In remarks at the Investment Adviser Association’s 2015 Compliance Conference, Treasury’s Deputy Assistant Secretary for the Financial Stability Oversight Council (FSOC) Patrick Pinschmidt discussed the organization’s work and recent changes to its nonbank-designation process, as well as its consideration of potential risks related to asset management products and activities. In his speech, the official noted that FSOC was designed to bring regulators together to look at the entirety of the financial system for potential risks to financial stability, to take a broad view in order to mitigate or even prevent a future financial crisis. “[R]isks are not always neatly packaged within particular asset classes or institutions and they don’t always align within the contours of our regulatory system,” he explained.

FSOC activities. Pinschmidt noted that FSOC’s primary role is to look across regulatory and industry-specific silos to assess and respond to vulnerabilities by means of interagency cooperative efforts. The council has established separate committees to conduct regular, focused discussions on market developments and emerging risks and, most recently, has considered issues surrounding market volatility, interest rate risk, benchmark reforms, and cybersecurity threats. FSOC’s annual report to Congress provides the council’s views with respect to particular risks throughout the financial industry and how those risks might be transmitted to the system as a whole, according to Pinschmidt. In addition, the official stated, FSOC makes recommendations as to how those risks could be addressed or mitigated that serve as guidance for the council’s agenda in the year ahead.

Asset management. Recently, FSOC has been more closely analyzing whether risks within the asset management industry could affect U.S. financial stability. To gather as much information as possible, Pinschmidt explained, the council has held public conferences and directed staff to study industry-wide products and activities to assess potential risks. FSOC is engaged in an ongoing dialogue with the industry, as high-quality information is central to FSOC’s efforts, the official stated, but more data is still needed to better understand the nature and impact of potential risks. “There is no universally accepted, bright-line definition for what constitutes a potential threat to financial stability,” he explained.

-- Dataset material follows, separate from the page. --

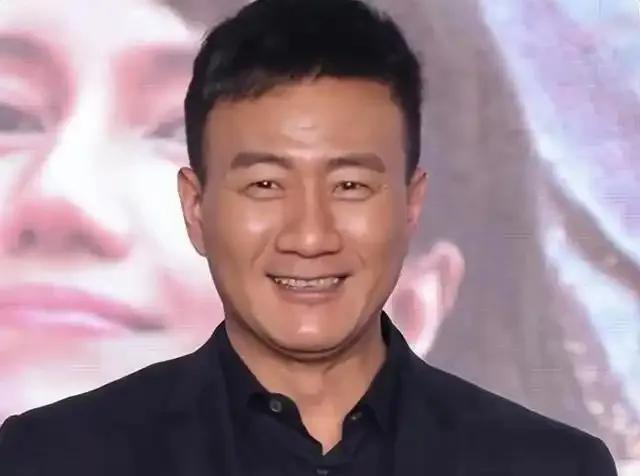 关于演员胡军的六条相关信息：
1、胡军，1968年出生于北京，毕业于中央戏剧学院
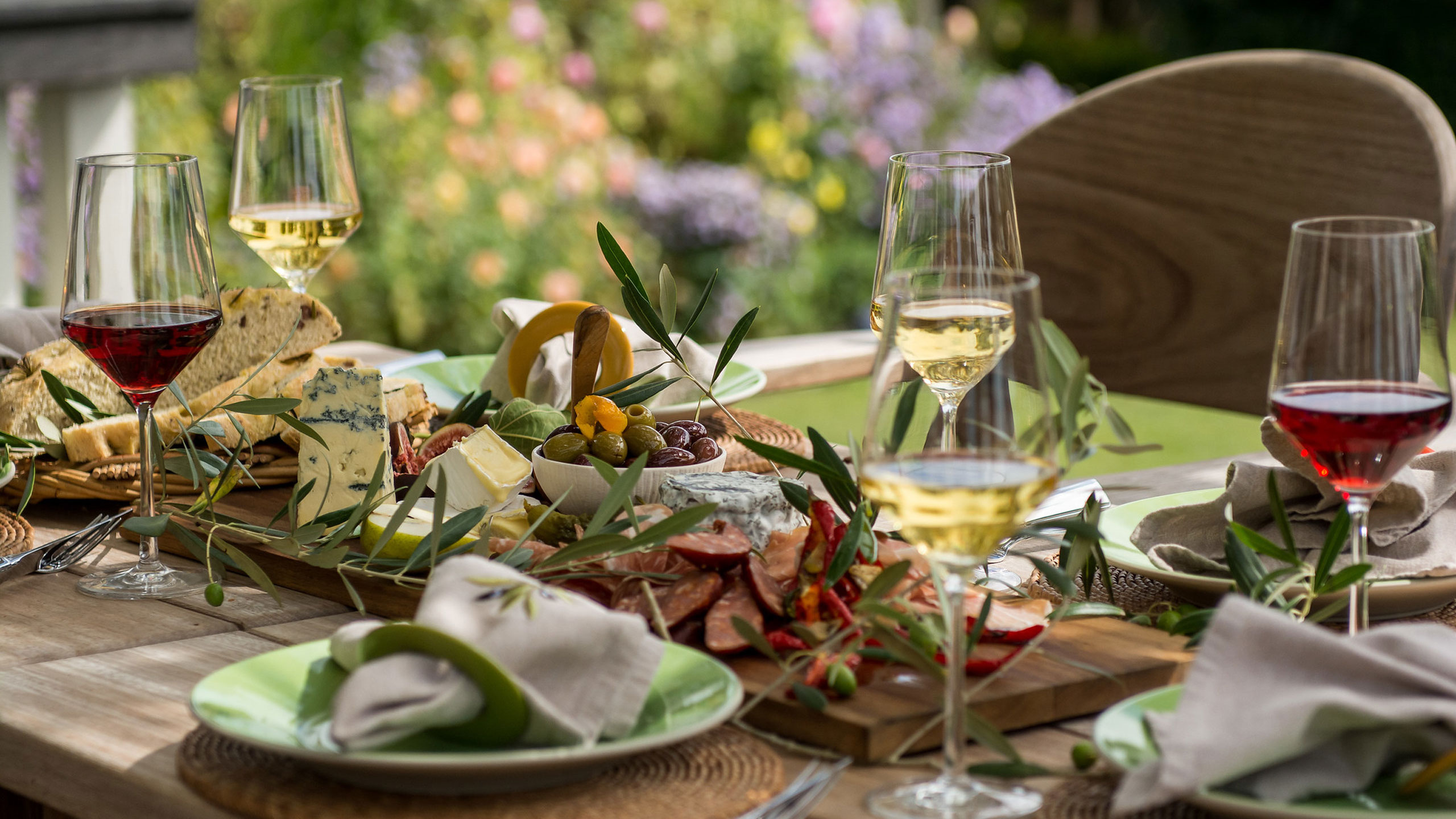 te-koi-lodge-nelson-new-zealand-dining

Pinschmidt also clarified that FSOC is not aiming to regulate the day-to-day operations of asset managers but instead is striving to assess potential financial-stability risks. In its request for comments on asset management and key risks, FSOC is seeking input on liquidity and redemption risk, leverage, operational risk, and resolution. Specifically, the official noted, the council wants to understand whether the structure of pooled investment vehicles fosters a “first-mover advantage” and how redemption rights and liquidity-management practices may affect investor incentives. FSOC also requests information as to the degree to which leverage use may increase the potential for forced asset sales and expose others to losses or unanticipated risks, according to Pinschmidt. As to operational risk, FSOC seeks input on the potential risks associated with significant transfers of client accounts or assets and asks whether asset managers’ reliance on service providers for key functions could have a negative impact in the case of serious service disruptions. The council also requests comment on various financial interconnections that could affect or complicate a resolution.

“[T]here is no predetermined outcome, and no final decisions have been made in terms of potential risks relating to asset management products and activities,” the official noted, and “it is premature to speculate on any particular course of action the [c]ouncil may take.”

Since the enactment of the Dodd-Frank Act, consumers are more informed, markets are more resilient, and regulators are more apt at identifying and responding to potential concerns, but “we must remain vigilant to potential threats, and that requires us to keep an eye on the full breadth of the financial markets,” Pinschmidt concluded.